The summary of credit to the private sector by economic activity shows a growth in credit to personal enterprises, mainly micro, small and medium enterprises, transport, communications, hotels and restaurants. In terms of the personal segment, activities continued to dominate, followed by commercial and manufacturing activities representing respectively 34.8 percent, 15.3 percent and 9.7 percent of total loans outstanding.

In view of these ratios, the time may have come to conduct a study and calculate the effect of private sector credit on the country’s output. From such studies and analyzes, it will be easier to determine whether finance is the main constraint or catalyst for a country’s economic growth and development.

Using time series data four times a year that I consider accessible to the BOT or NBS, we could examine the short- and long-term connection between production and credit to the private sector that could help support a major structural disruption. desirable to revitalize the private sector credit growth, prime rate, gross fixed capital formation, ie an approximation of investment, government expenditure and nominal exchange rate.

My understanding is not sufficient to state that credit to the private or public sector has grown or contracted, but what does this mean for the economy in general and for the individual economy for small businesses? ? It is well known that the provision of private sector credit to major sectors of the economy holds great potential for stimulating economic growth.

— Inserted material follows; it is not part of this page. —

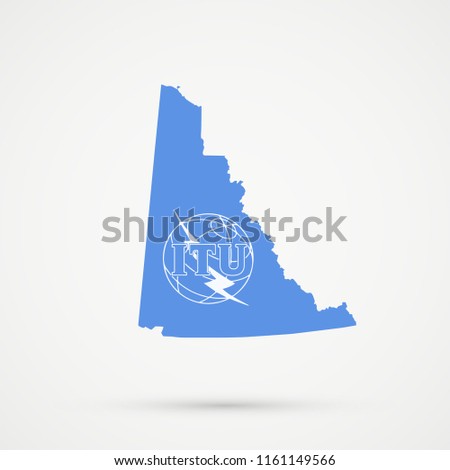 Yukon map in International Telecommunication Union (ITU) flag colors, editable vector.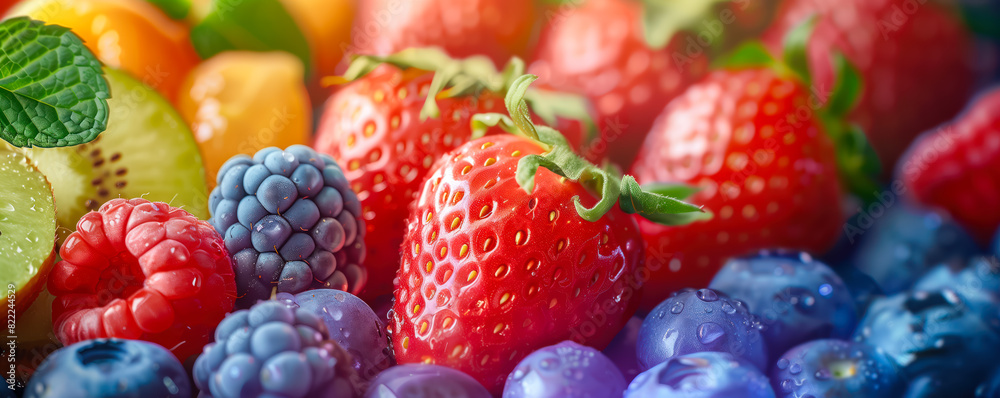 Closeup panoramic view of fresh colourful fruit. Freshness and refreshment concept. Closeup panoramic view of fresh colourful fruit. Freshness and refreshment concept.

Amid this potential, the banking sector, which is the main source of credit to the private sector, is an important channel of financial intermediation through which financial resources can be mobilized for productive investments.

If banks miss the mark to appreciate extending credit and instead invest in less risky areas such as treasury bills and treasury bonds, the private sectors will gain access to reasonable credit will remain a significant challenge. may not be healthy for private sector growth and the economy.

Therefore, there is a need to keep interest rates at levels that contribute to the nation’s growth goals by investing in a trustworthy private sector to do the best.